%%
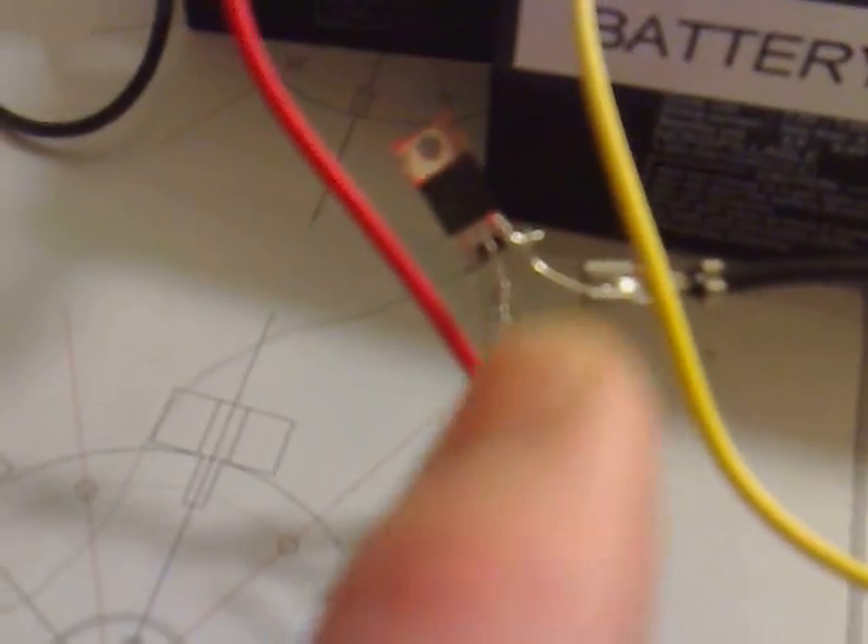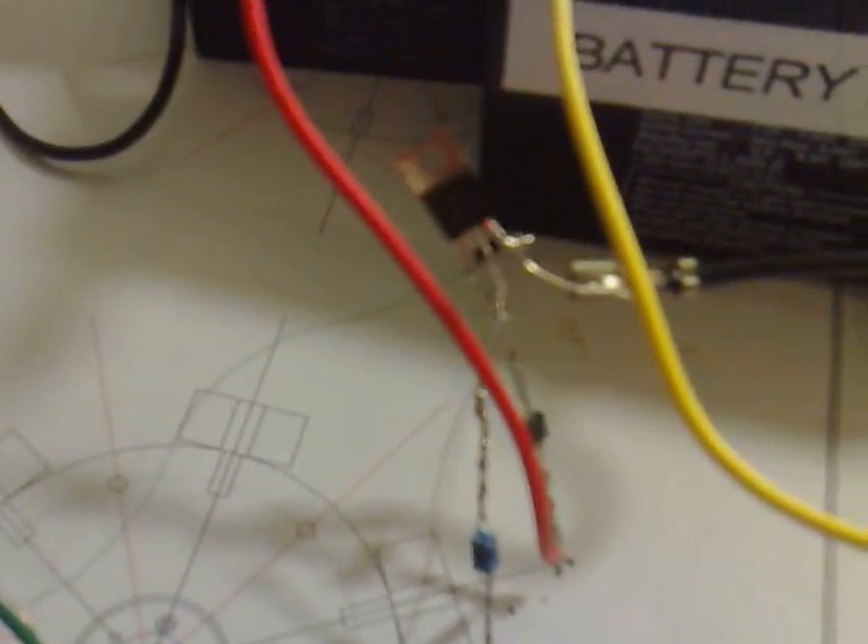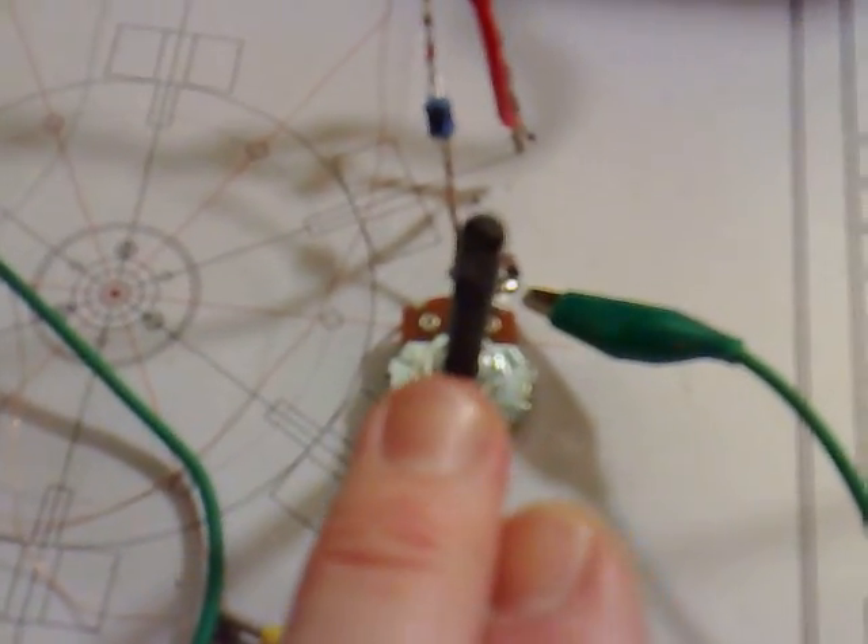A little Bedini circuit here with the transistor just there, which is a BD243 transistor, in standard configuration with a potentiometer to adjust the speed.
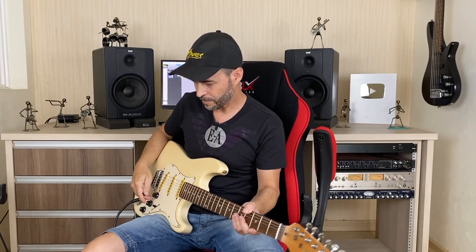Vou colocar um drive — um drivezinho em pedal bem leve — e vou tocar aqui. Vou começar no volume 2 e tocar no volume 2, 4, 6, 8 e 10. Só pra gente ter uma ideia das diferenças que causa no timbre.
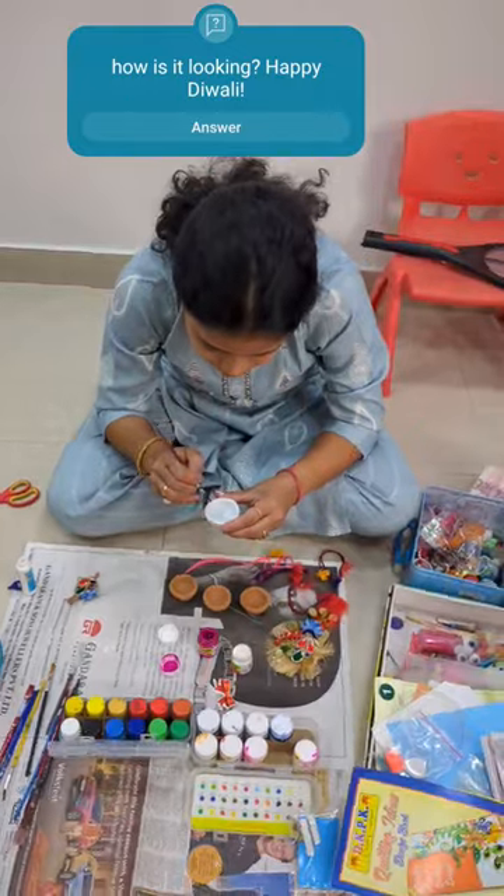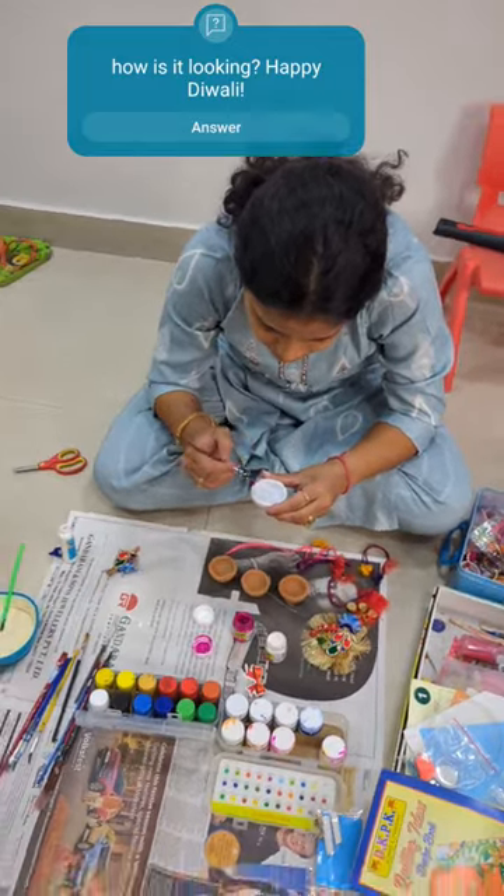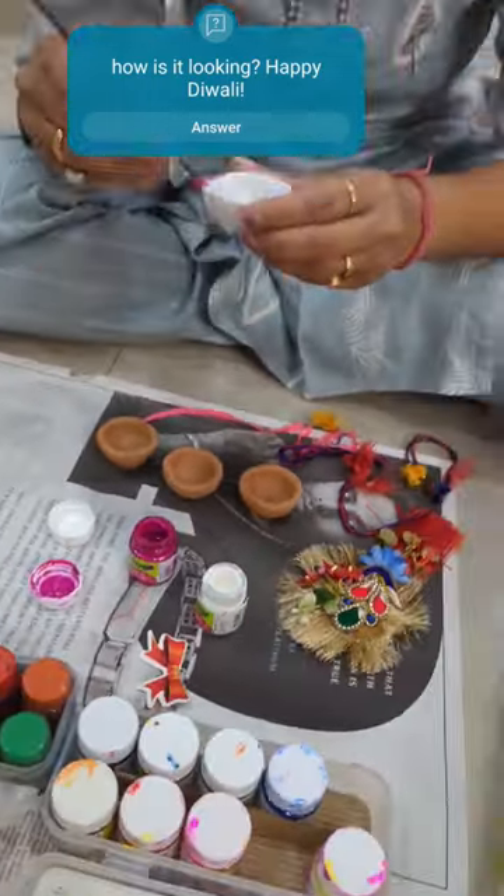I'm going to skip some time. Next we have moved to the next color that is pink. So we're going to use these materials, and I'm sure it's going to outcome good.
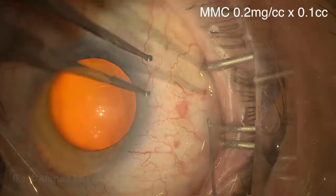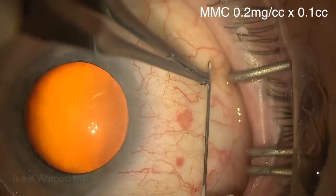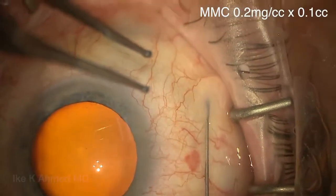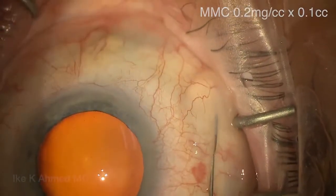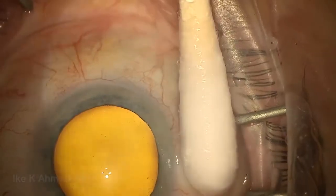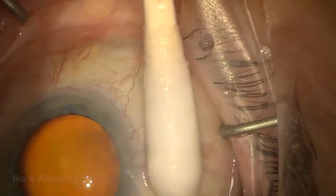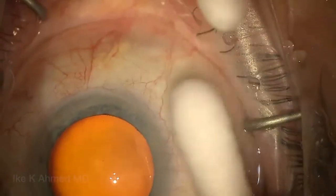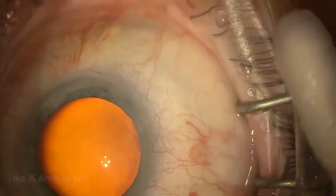This is a combined phaco/Zen case. We'll start with the mitomycin injection on a 30-gauge needle, placed 6 to 8 millimeters back from the limbus, injecting an intratenon dose of mitomycin — a small dose of 0.1 cc at 0.2 milligrams per cc concentration — and having the patient look down while rotating a moistened q-tip to keep the mitomycin back away from the limbus.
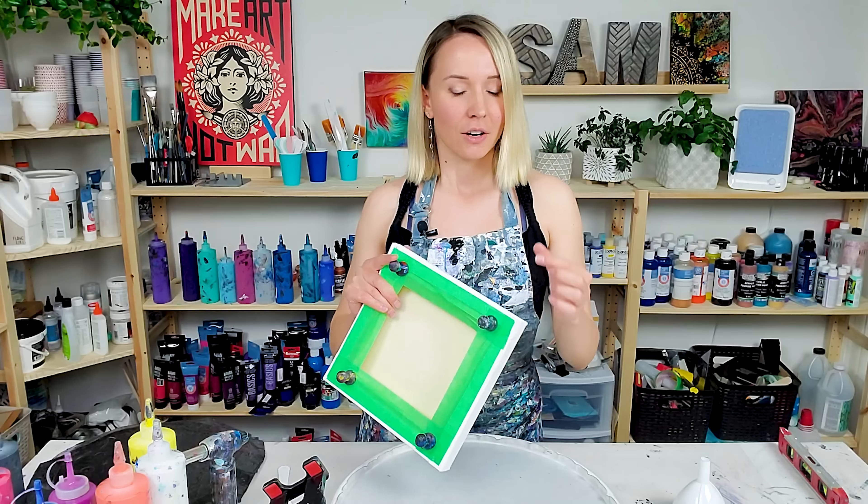Today I'm working on a 10 by 10 canvas again and I want to use much brighter colors this time. It's a bit of a risk because as colors go through the funnel they over-mix a lot, so there's a chance all the colors are going to over-mix and create mud. But I'm willing to take that risk because I'm really in the mood for bright colors today.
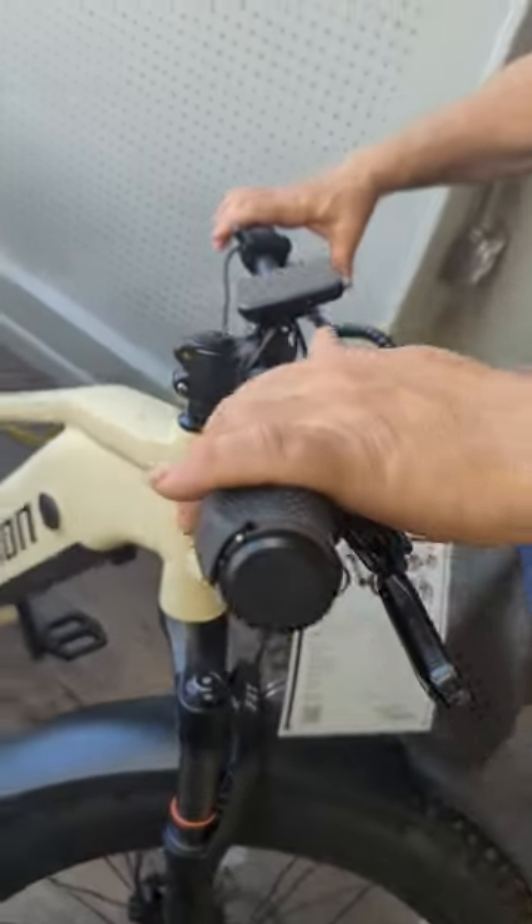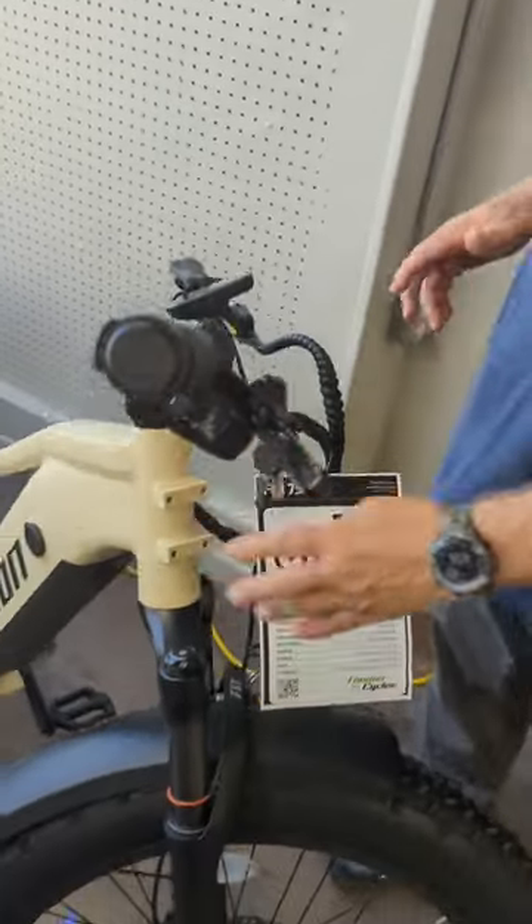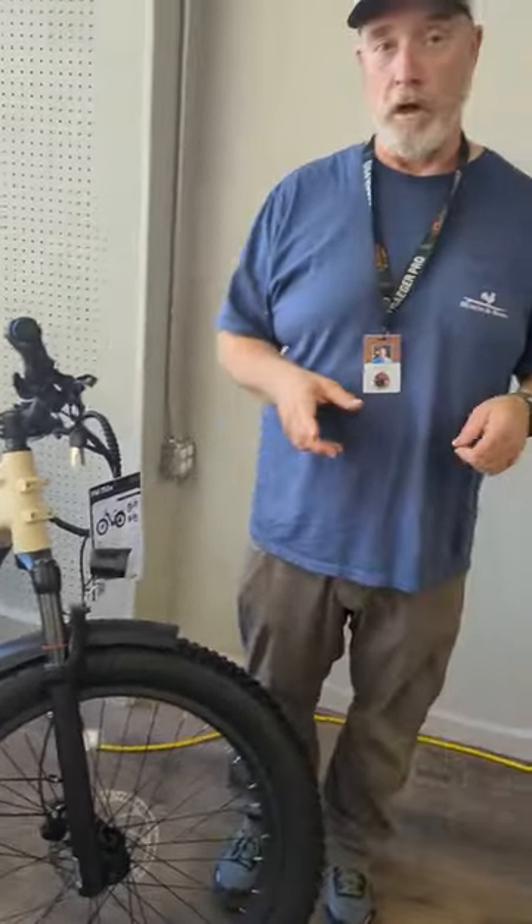The 750X has hydraulic brakes, has a full-on Shimano shifter system, color screen, points for accessories. Come and check out these e-bikes and stay out longer.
%%
-- Task description --
Write out exactly the lines from the line that contains "Vou colocar um" through the end of the material, including both ends. No pictures belong in the copy.

-- Reply --
Vou colocar um drive — um drivezinho em pedal bem leve — e vou tocar aqui. Vou começar no volume 2 e tocar no volume 2, 4, 6, 8 e 10. Só pra gente ter uma ideia das diferenças que causa no timbre.
I'm going to skip some time. Next we have moved to the next color that is pink. So we're going to use these materials, and I'm sure it's going to outcome good.
This is a combined phaco/Zen case. We'll start with the mitomycin injection on a 30-gauge needle, placed 6 to 8 millimeters back from the limbus, injecting an intratenon dose of mitomycin — a small dose of 0.1 cc at 0.2 milligrams per cc concentration — and having the patient look down while rotating a moistened q-tip to keep the mitomycin back away from the limbus.
Today I'm working on a 10 by 10 canvas again and I want to use much brighter colors this time. It's a bit of a risk because as colors go through the funnel they over-mix a lot, so there's a chance all the colors are going to over-mix and create mud. But I'm willing to take that risk because I'm really in the mood for bright colors today.
The 750X has hydraulic brakes, has a full-on Shimano shifter system, color screen, points for accessories. Come and check out these e-bikes and stay out longer.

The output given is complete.